Start of SUPPLIED DATA

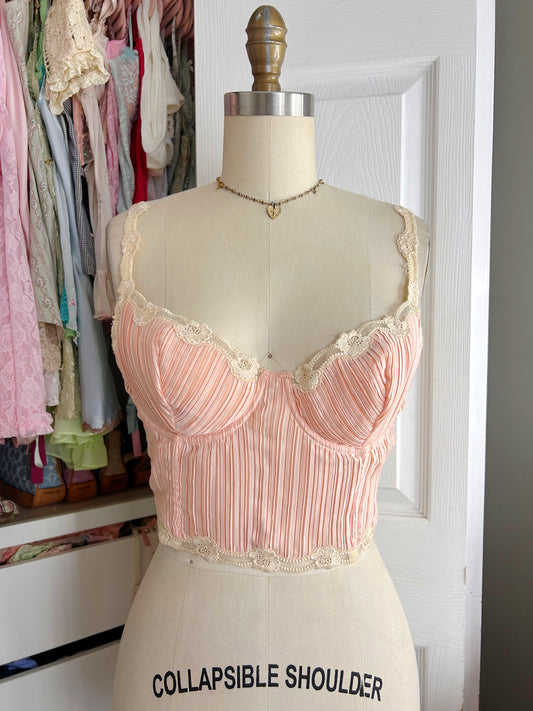 Vintage Pink Cream La Perla Bustier Top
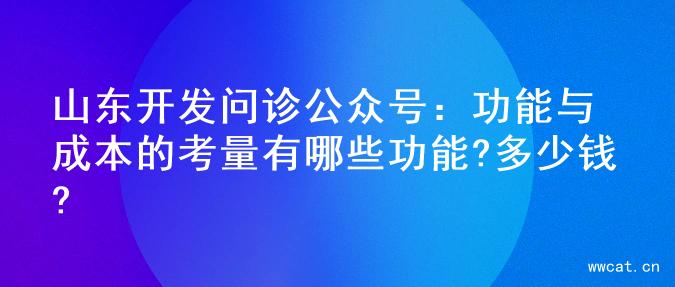 山东开发问诊公众号：功能与成本的考量有哪些功能?多少钱?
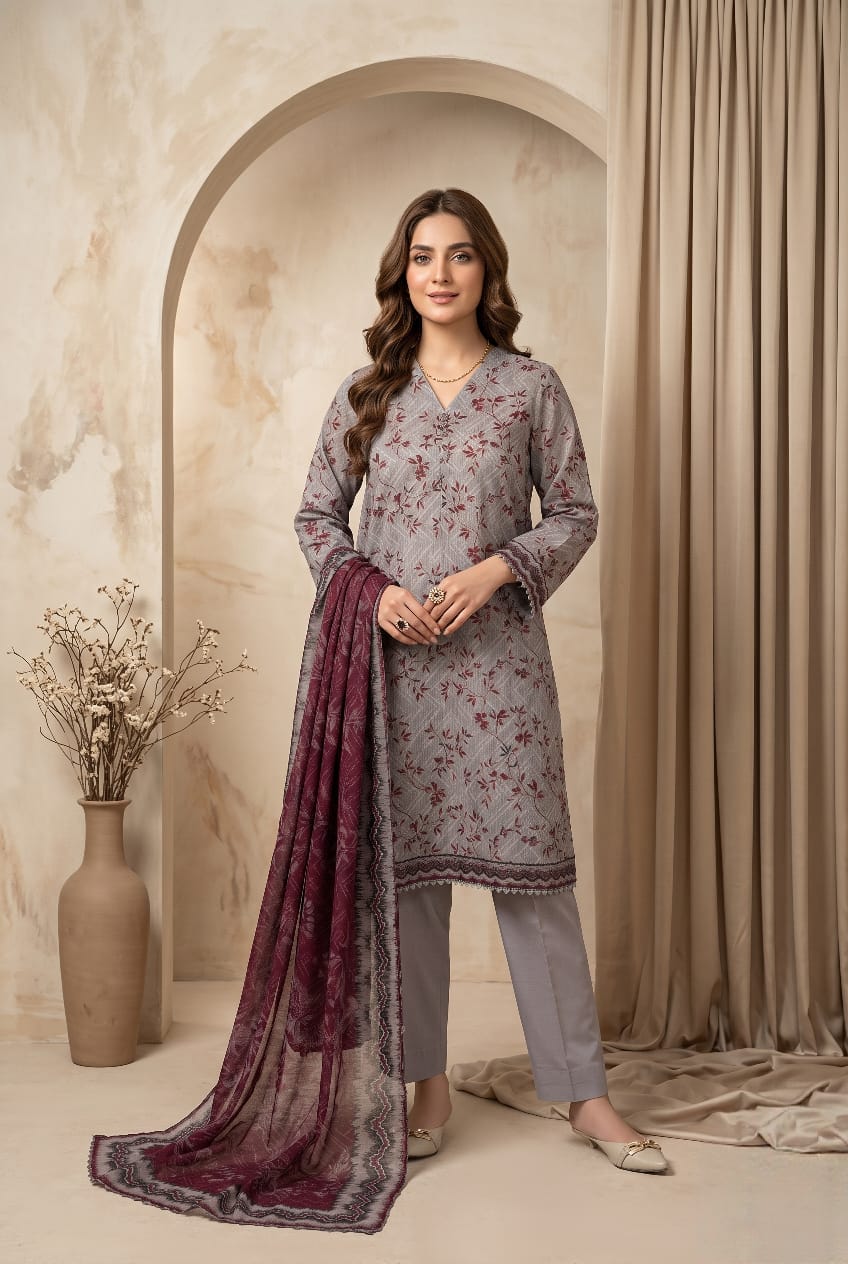 Dove Grey 3 - Piece Printed Lawn Suit with Lawn Dupatta - sitarastyle.com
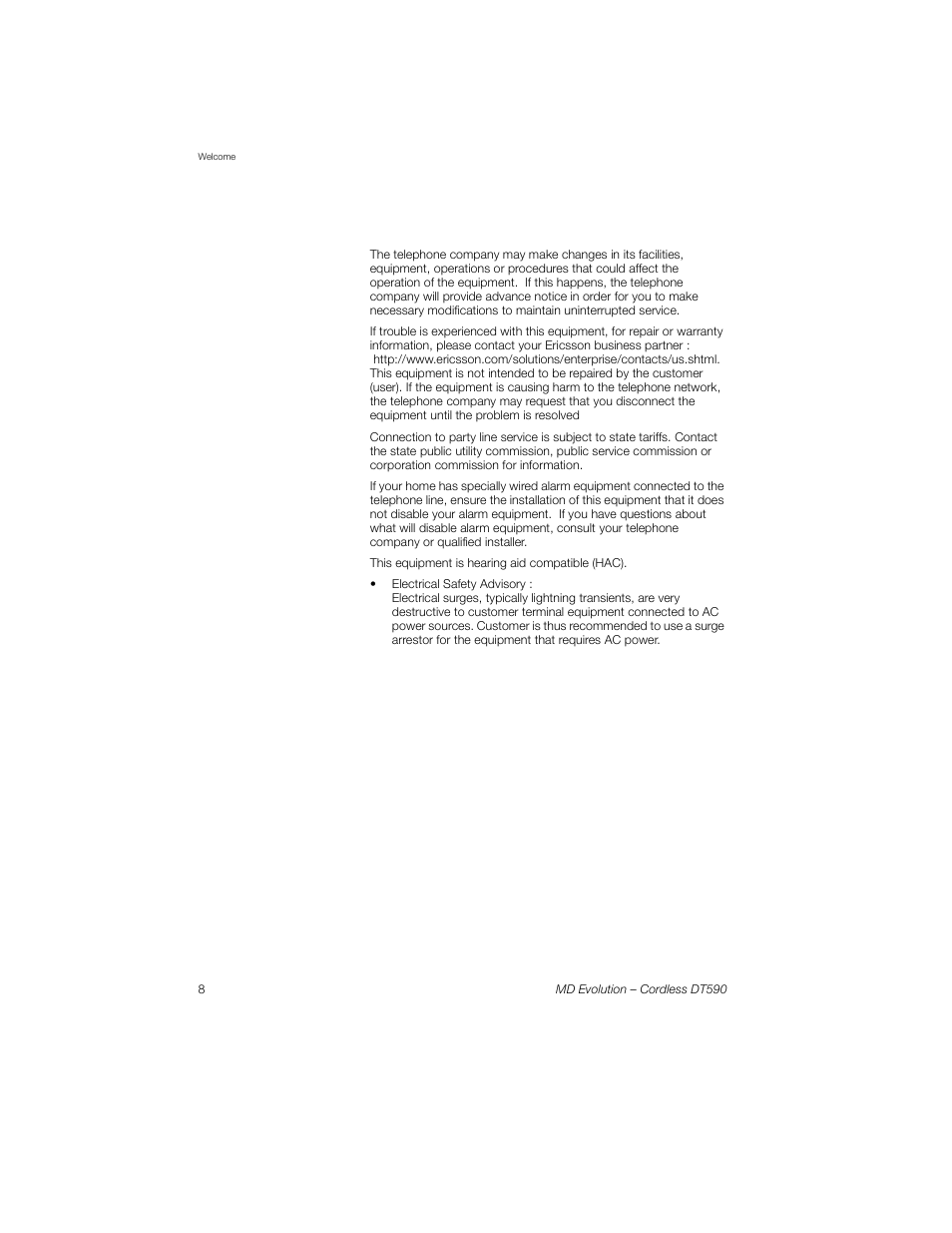 Sony Ericsson Cordless DT590 User Manual | Page 8 / 164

End of SUPPLIED DATA

- [EXERCISE BRIEF] Without the pictures, retype exactly the lines from the one that holds "Dove Grey 3" to the last line of the data above, both of them included.

- [FINISHED TASK]
 Dove Grey 3 - Piece Printed Lawn Suit with Lawn Dupatta - sitarastyle.com
 Sony Ericsson Cordless DT590 User Manual | Page 8 / 164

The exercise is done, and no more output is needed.